TASK DESCRIPTION:
Locate the line containing "XX secolo Scultura" in the entries below, then retype it and every later line exactly, leaving out pictures.

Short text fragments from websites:
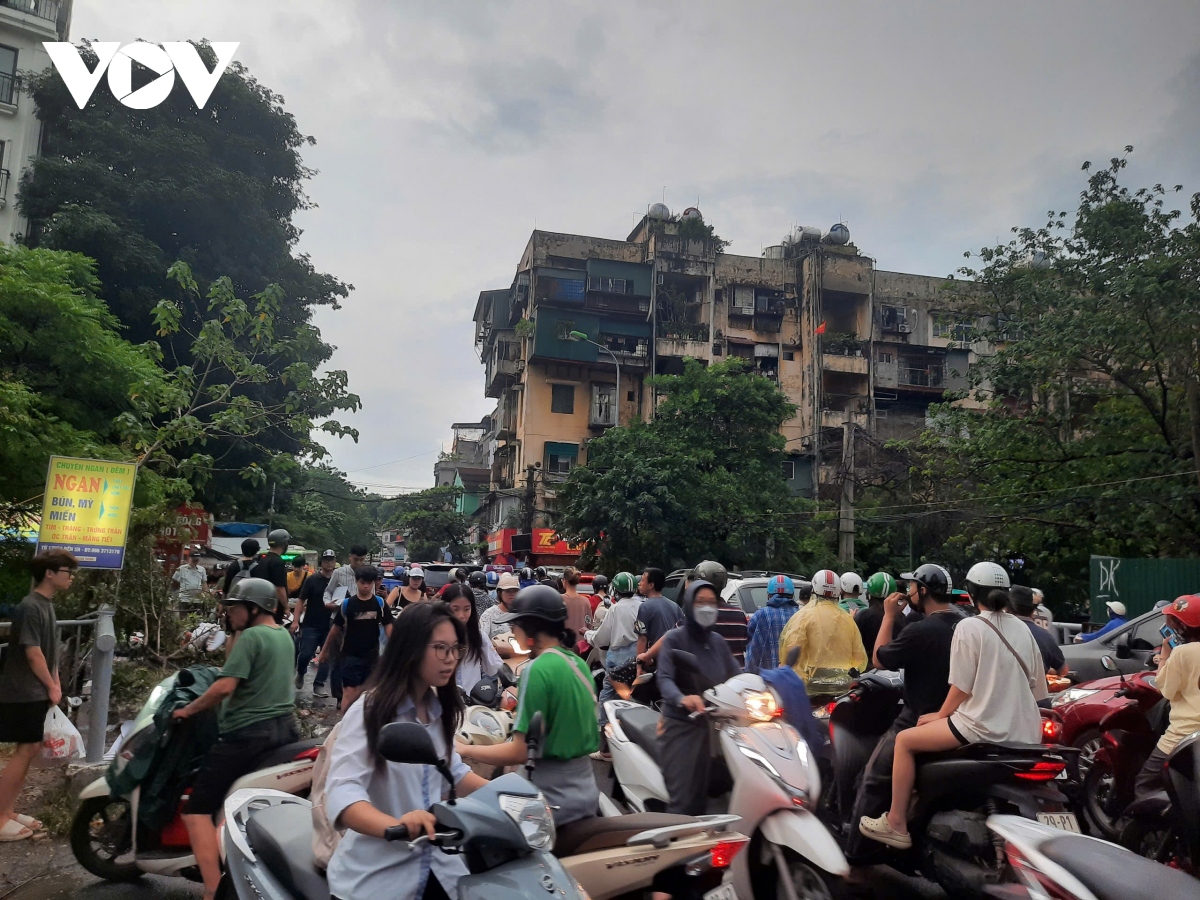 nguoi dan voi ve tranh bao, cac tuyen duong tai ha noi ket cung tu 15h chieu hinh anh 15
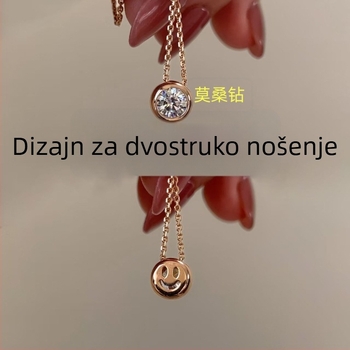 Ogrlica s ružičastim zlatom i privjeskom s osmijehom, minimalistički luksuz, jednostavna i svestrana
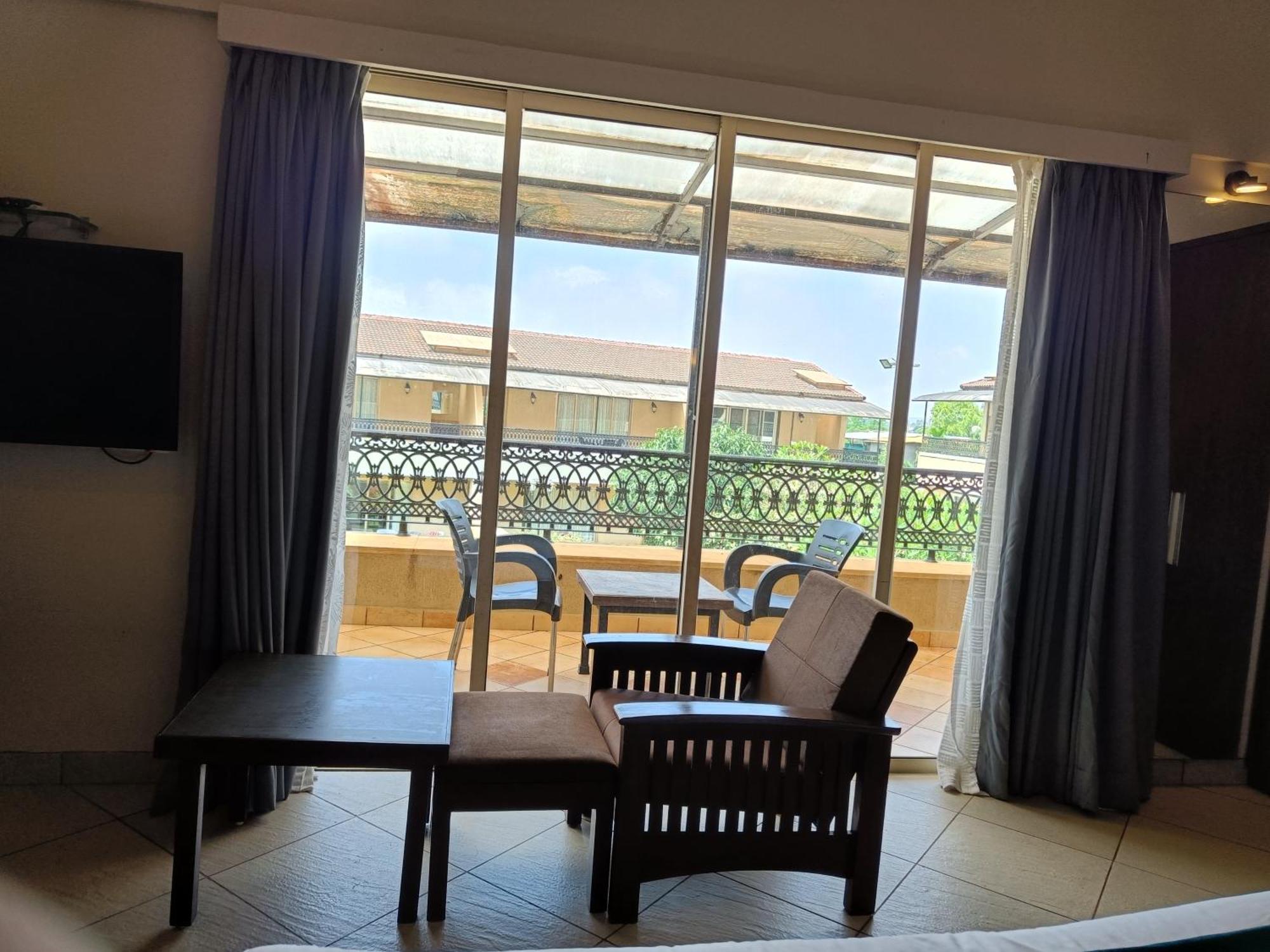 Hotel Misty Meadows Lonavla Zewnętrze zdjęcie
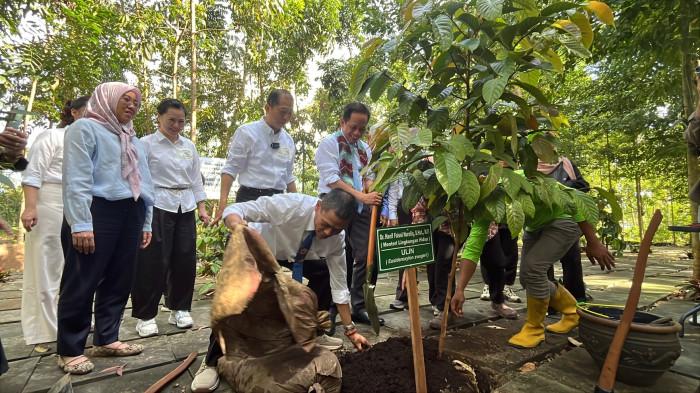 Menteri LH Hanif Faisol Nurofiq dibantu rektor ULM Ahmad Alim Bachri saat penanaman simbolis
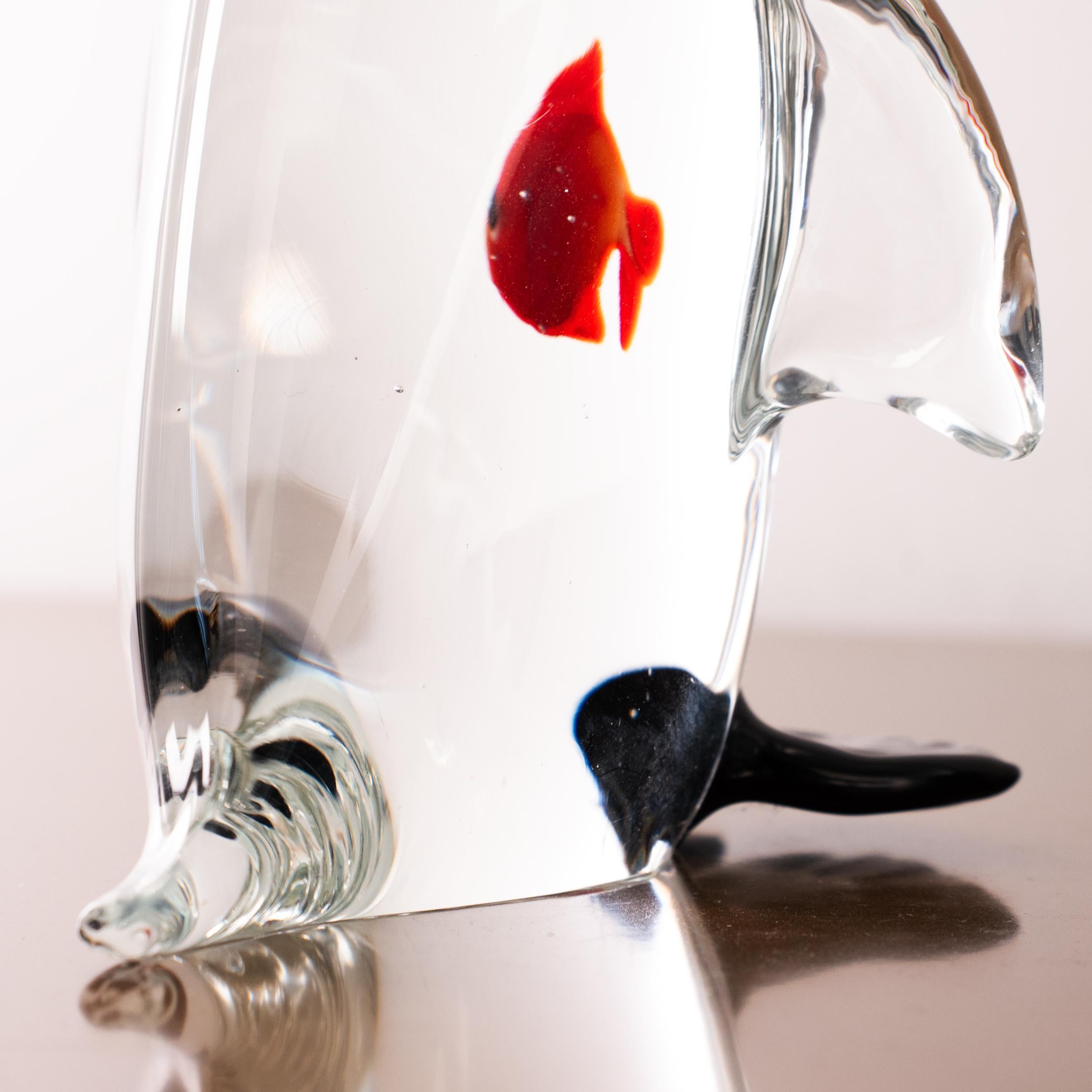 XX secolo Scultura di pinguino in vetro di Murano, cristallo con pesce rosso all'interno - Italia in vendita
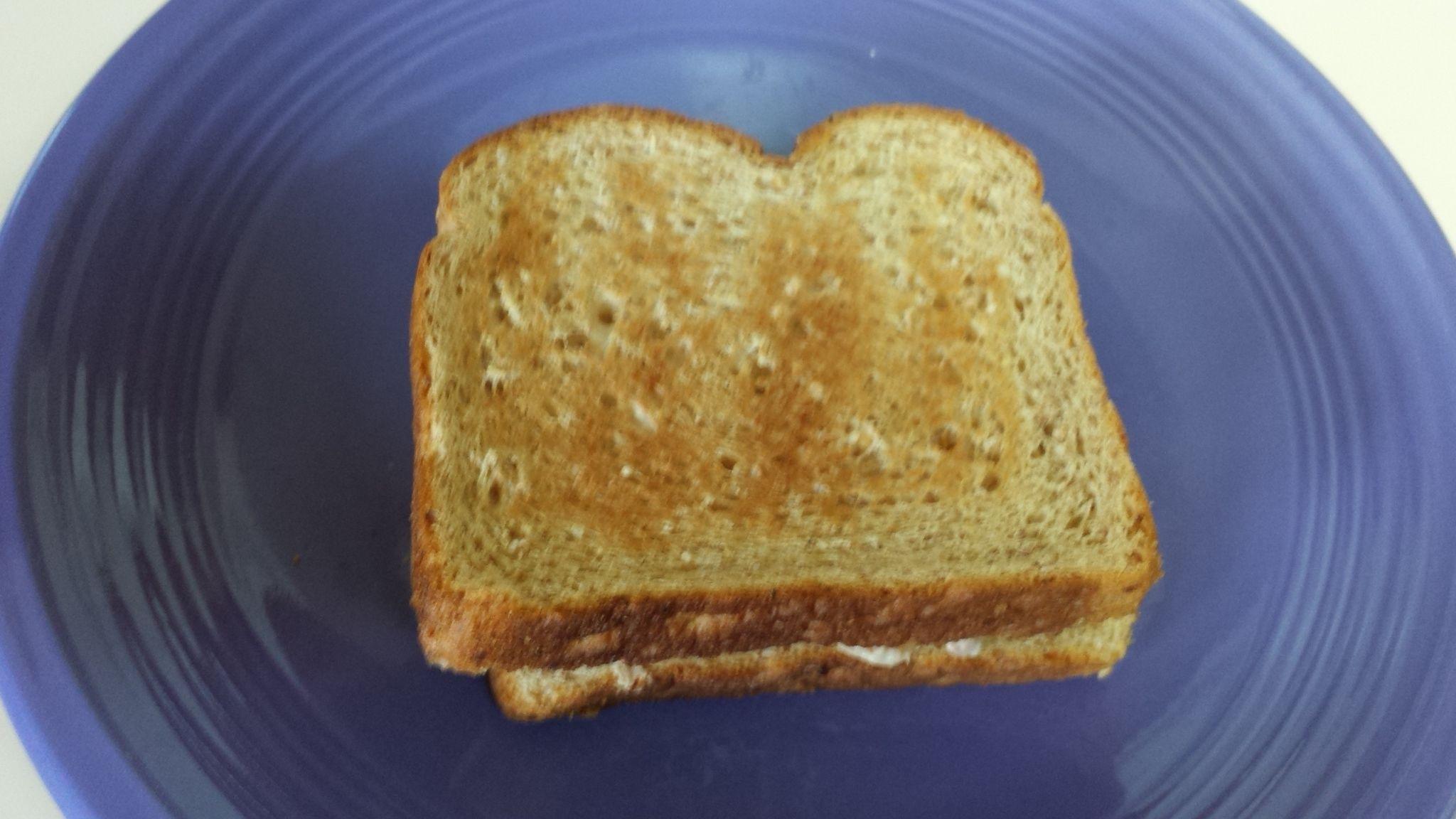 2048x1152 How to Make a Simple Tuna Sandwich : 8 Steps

TASK RESPONSE:
 XX secolo Scultura di pinguino in vetro di Murano, cristallo con pesce rosso all'interno - Italia in vendita
 2048x1152 How to Make a Simple Tuna Sandwich : 8 Steps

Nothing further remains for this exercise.